Back in 1926, the easiest way to get to Excelsior by way of Minneapolis was by rail. This line still exists today, although it's been repurposed as the Lake Minnetonka Regional Trail, a local trail frequented by cyclists. This 15-mile stretch of rail right-of-way stretches from Hopkins in the east to Carver Park Reserve at it's western terminus. In Hopkins, the railroad still exists where the BNSF shares the right-of-way with the burgeoning Southwest LRT.
However, rail companies used to compete for business, and many railroads used to cross the prairies and woodlands of Minnesota. One of these forgotten railways can still be traced from Excelsior to St. Bonifacius in the West. This railway was part of the Great Northern Railroad, the railway was ultimately abandoned in the late 1800's. Many suburbanites may not be aware that their homes and properties are on top of what was once a bustling rail corridor carrying people and commerce throughout Minnesota.

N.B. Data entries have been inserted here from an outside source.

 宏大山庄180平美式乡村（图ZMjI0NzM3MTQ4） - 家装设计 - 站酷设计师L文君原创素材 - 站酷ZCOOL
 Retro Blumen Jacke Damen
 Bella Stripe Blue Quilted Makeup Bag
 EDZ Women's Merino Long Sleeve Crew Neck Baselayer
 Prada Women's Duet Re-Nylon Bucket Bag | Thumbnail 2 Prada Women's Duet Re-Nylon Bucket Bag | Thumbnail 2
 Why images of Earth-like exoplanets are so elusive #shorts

This aerial photograph of Excelsior and Shorewood from 1937 clearly depicts the scar of the Great Northern Railway as it cuts it's way through the center of the photograph. It's easy to be confused by the stretch of BNSF that later became the Lake Minnetonka LRT to the north in this aerial photograph. I've taken the courtesy to highlight the forgotten rail in red. Today, this section of rail cuts directly through homes, yards, and parks as it skates its way towards St. Bonifacius.

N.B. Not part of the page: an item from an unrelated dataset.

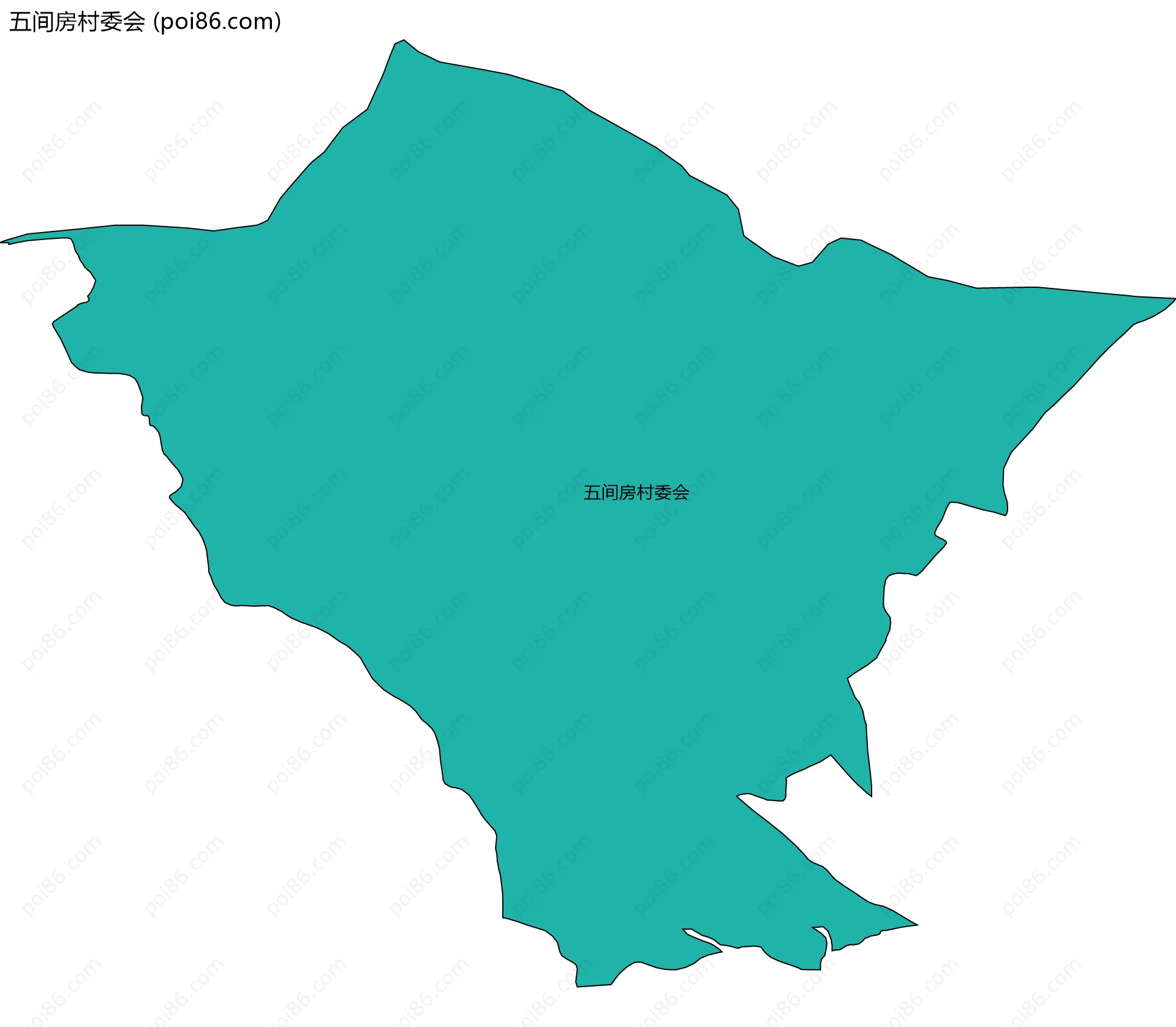 五间房村委会边界地图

This section of rail is nearly indiscernible On Google Maps today. You can most clearly see the remnants of the railway on the western border of the former Minnetonka Country Club land, and parts of trail in Carver Park Reserve use this abandoned right-of-way for their walking and cycling trails.

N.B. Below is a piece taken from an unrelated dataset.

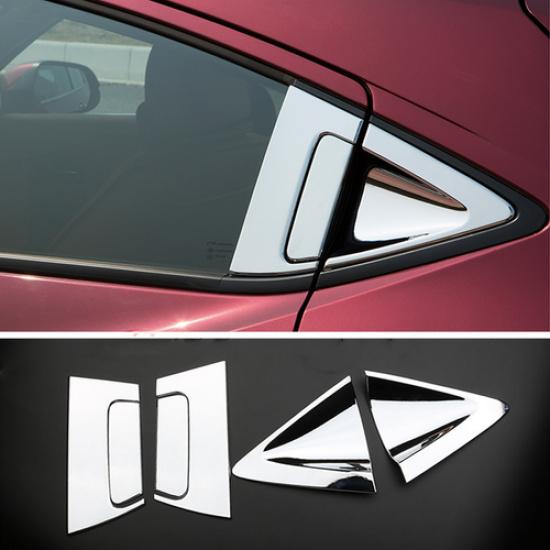 ABS Chrome Car Back Door Handles Cover Trim 6pcs For Honda HR-V HRV 2016-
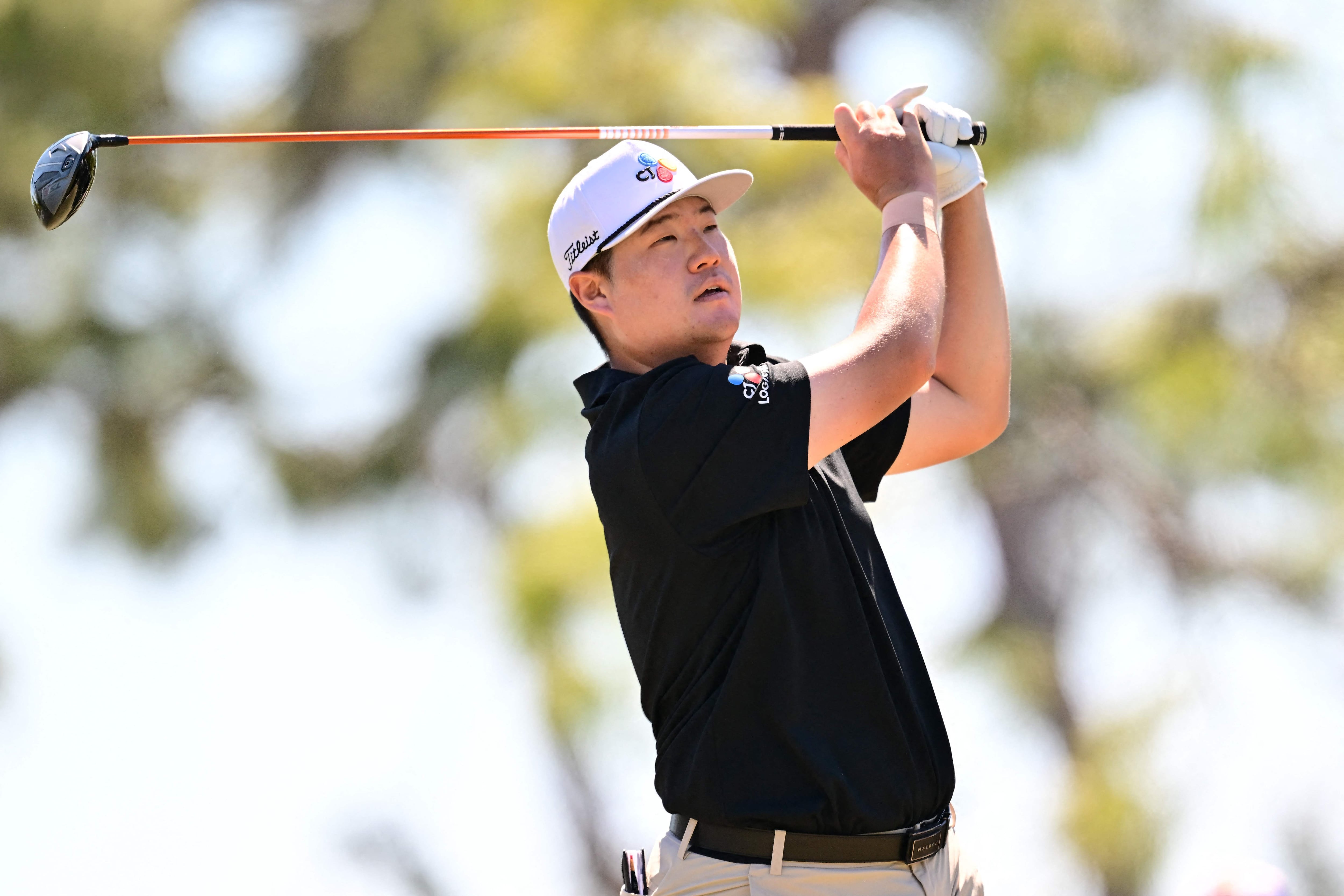 <YONHAP PHOTO-1497> PALM HARBOR, FLORIDA - MARCH 22: Sungjae Im of South Korea plays his shot from the sixth tee during the final round of the Valspar Championship 2026 at Copperhead Course at Innisbrook Resort and Golf Club on March 22, 2026 in Palm Harbor, Florida. Julio Aguilar/Getty Images/AFP (Photo by Julio Aguilar / GETTY IMAGES NORTH AMERICA / Getty Images via AFP)/2026-03-23 06:07:05/<저작권자 ⓒ 1980-2026 ㈜연합뉴스. 무단 전재 재배포 금지, AI 학습 및 활용 금지>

Once the forgotten railway enters Carver Park Reserve, it meandered through the park where it bridged Mud Lake and Parley Lake to the north of Crown College. This area to the east of these lakes is now frequented by mountain bikers and cross-country skiers visiting the Three Rivers Park. The railway ultimately ends at it's western terminus as it connected to what is now the Dakota Rail Regional Trail. The rail continued westward until it connected with another network of rail in Hutchinson, Minnesota.
If you visit Google Maps, you are still able to faintly draw the outline of the line of rail in Carver Park Reserve.
Like many abandoned railroads across the United States, this railroad was shuttered due to a number of reasons. Mainly, competition from other railroads and mergers of rail companies ensured the obsolescence of this roughly eight-mile stretch of rail. One thing I can guarantee is had this right of way existed today, it would make for a great trail.